Data entries
%%
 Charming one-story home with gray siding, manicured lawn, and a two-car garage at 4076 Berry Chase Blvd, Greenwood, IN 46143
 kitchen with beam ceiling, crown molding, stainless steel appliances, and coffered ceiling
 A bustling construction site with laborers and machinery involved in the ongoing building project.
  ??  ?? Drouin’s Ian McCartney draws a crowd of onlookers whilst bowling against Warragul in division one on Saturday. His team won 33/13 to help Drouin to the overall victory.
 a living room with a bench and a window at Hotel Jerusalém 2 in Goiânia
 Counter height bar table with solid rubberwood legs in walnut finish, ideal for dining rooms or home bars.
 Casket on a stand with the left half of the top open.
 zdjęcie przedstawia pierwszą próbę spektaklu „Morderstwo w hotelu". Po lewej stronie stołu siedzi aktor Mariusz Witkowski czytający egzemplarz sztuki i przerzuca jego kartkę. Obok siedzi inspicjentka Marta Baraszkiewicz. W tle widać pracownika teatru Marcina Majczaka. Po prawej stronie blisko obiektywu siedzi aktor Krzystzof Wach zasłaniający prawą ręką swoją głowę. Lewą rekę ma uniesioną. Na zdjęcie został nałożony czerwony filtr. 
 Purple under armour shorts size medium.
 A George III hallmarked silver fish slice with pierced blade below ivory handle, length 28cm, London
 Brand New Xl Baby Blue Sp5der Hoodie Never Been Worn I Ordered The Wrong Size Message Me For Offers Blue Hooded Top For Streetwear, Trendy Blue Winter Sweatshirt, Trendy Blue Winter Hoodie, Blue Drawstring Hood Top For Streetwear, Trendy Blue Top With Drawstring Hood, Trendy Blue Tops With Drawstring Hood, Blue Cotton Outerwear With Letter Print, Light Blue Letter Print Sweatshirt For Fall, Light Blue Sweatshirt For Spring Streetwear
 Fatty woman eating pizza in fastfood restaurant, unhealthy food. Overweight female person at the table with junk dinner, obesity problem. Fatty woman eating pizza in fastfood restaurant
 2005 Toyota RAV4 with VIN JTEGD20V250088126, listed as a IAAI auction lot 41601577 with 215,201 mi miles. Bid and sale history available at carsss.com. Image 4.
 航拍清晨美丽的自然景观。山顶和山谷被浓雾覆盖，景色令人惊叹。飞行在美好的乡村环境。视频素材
%%
Which lines run from the one holding "kitchen with beam" through the one holding "zdjęcie przedstawia pierwszą" in the records above? Repeat them exactly, both included, and nothing more.

 kitchen with beam ceiling, crown molding, stainless steel appliances, and coffered ceiling
 A bustling construction site with laborers and machinery involved in the ongoing building project.
  ??  ?? Drouin’s Ian McCartney draws a crowd of onlookers whilst bowling against Warragul in division one on Saturday. His team won 33/13 to help Drouin to the overall victory.
 a living room with a bench and a window at Hotel Jerusalém 2 in Goiânia
 Counter height bar table with solid rubberwood legs in walnut finish, ideal for dining rooms or home bars.
 Casket on a stand with the left half of the top open.
 zdjęcie przedstawia pierwszą próbę spektaklu „Morderstwo w hotelu". Po lewej stronie stołu siedzi aktor Mariusz Witkowski czytający egzemplarz sztuki i przerzuca jego kartkę. Obok siedzi inspicjentka Marta Baraszkiewicz. W tle widać pracownika teatru Marcina Majczaka. Po prawej stronie blisko obiektywu siedzi aktor Krzystzof Wach zasłaniający prawą ręką swoją głowę. Lewą rekę ma uniesioną. Na zdjęcie został nałożony czerwony filtr. 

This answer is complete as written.